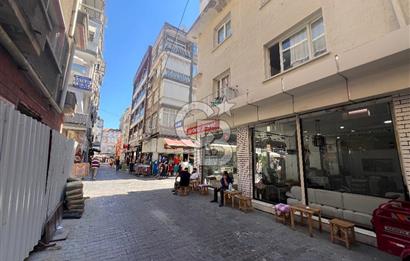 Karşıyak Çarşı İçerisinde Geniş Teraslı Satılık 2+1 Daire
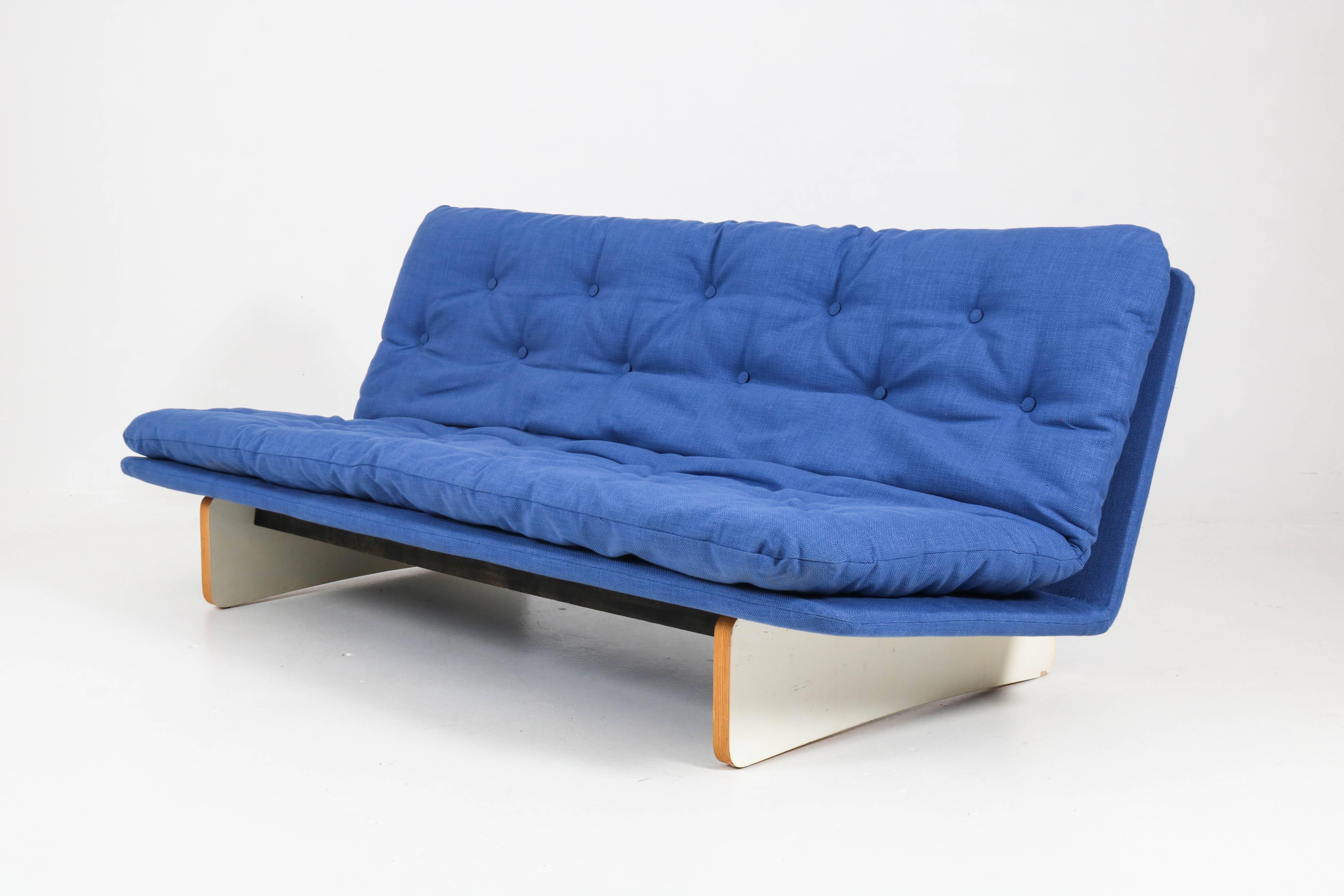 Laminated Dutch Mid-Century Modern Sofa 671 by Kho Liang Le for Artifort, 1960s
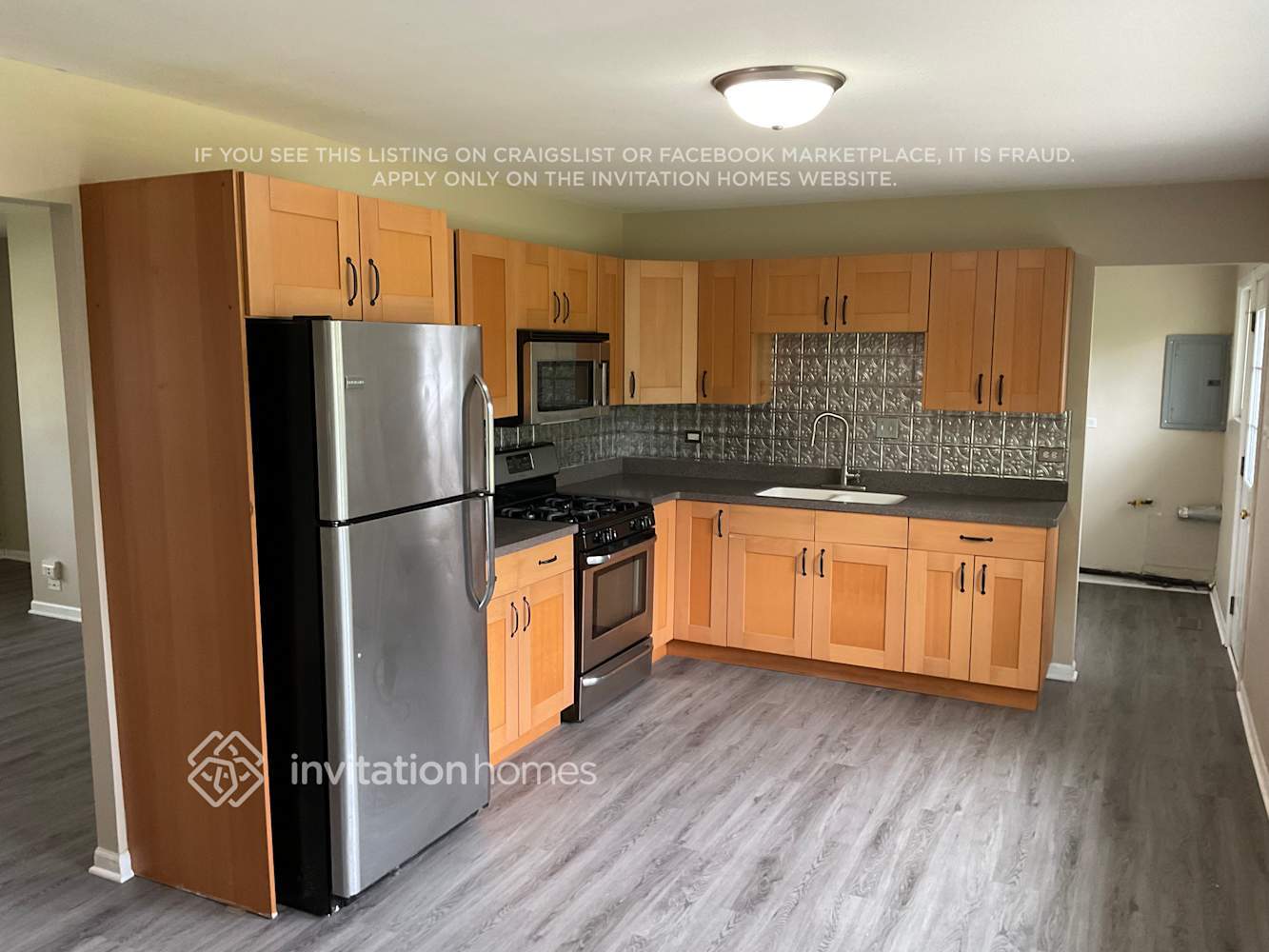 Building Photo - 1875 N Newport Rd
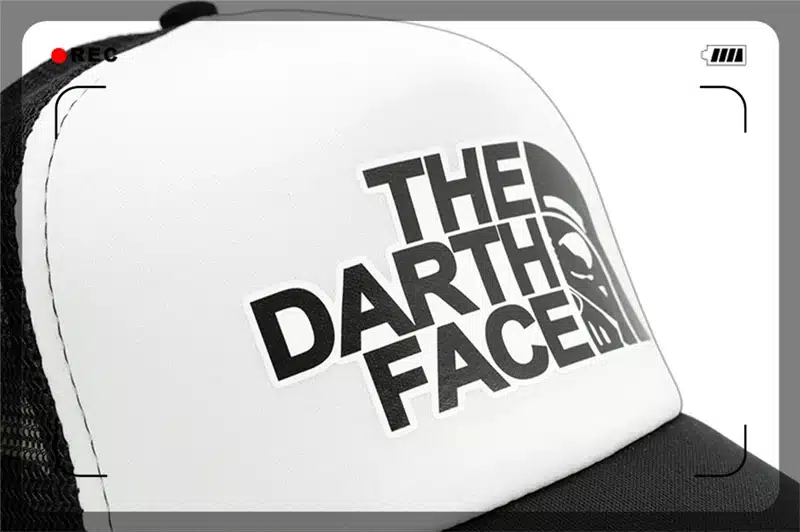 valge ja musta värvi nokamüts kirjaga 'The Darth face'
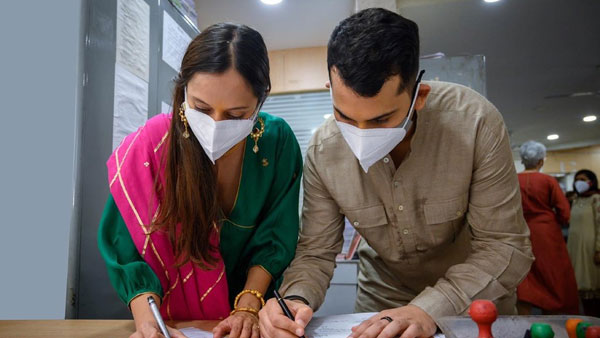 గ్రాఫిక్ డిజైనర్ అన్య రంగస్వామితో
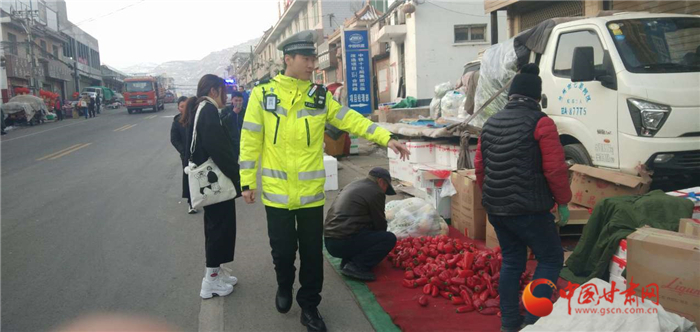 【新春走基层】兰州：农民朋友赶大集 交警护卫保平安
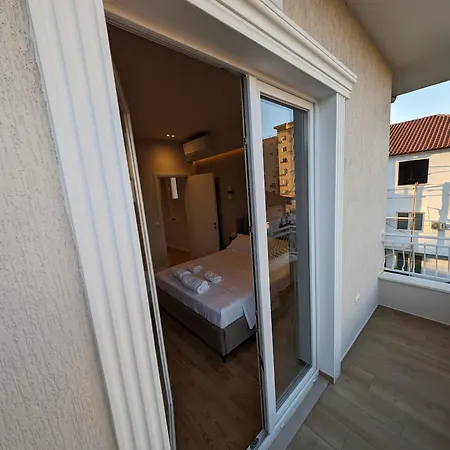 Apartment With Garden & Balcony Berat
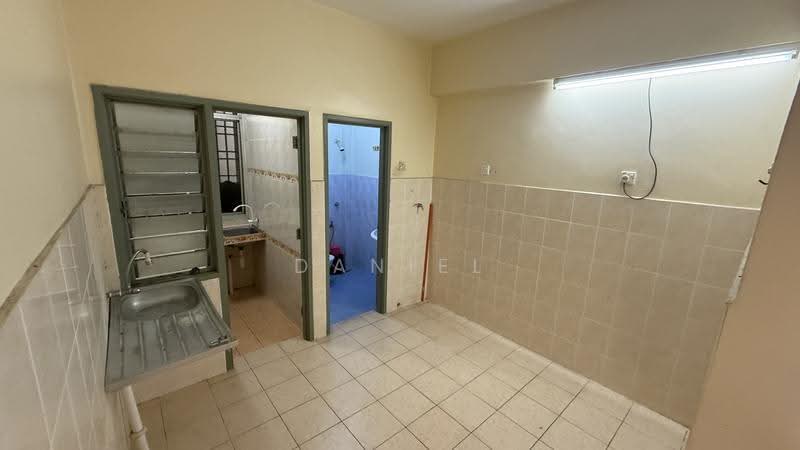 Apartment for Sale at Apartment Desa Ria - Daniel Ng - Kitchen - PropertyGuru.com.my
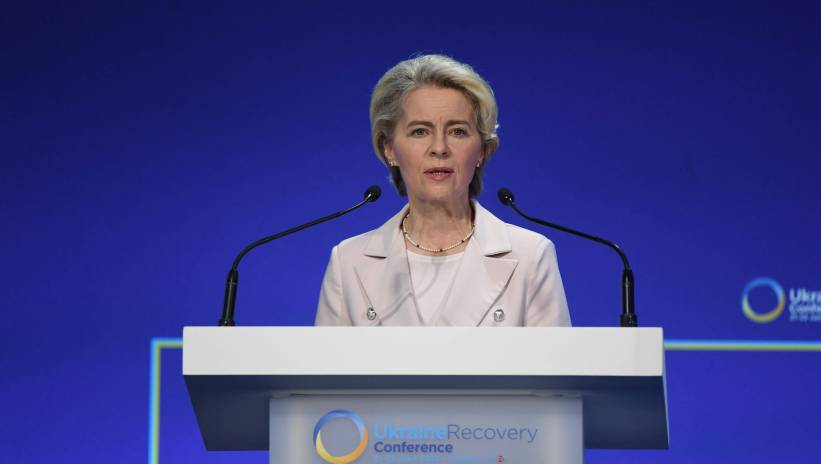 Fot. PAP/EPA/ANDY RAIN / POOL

» **Problem to work on**
Please retype the lines from the one that contains "Building Photo - 1875 N Newport Rd" through the final line of the data, both included, without any pictures.

» **Solution to this problem**
 Building Photo - 1875 N Newport Rd
 valge ja musta värvi nokamüts kirjaga 'The Darth face'
 గ్రాఫిక్ డిజైనర్ అన్య రంగస్వామితో
 【新春走基层】兰州：农民朋友赶大集 交警护卫保平安
 Apartment With Garden & Balcony Berat
 Apartment for Sale at Apartment Desa Ria - Daniel Ng - Kitchen - PropertyGuru.com.my
 Fot. PAP/EPA/ANDY RAIN / POOL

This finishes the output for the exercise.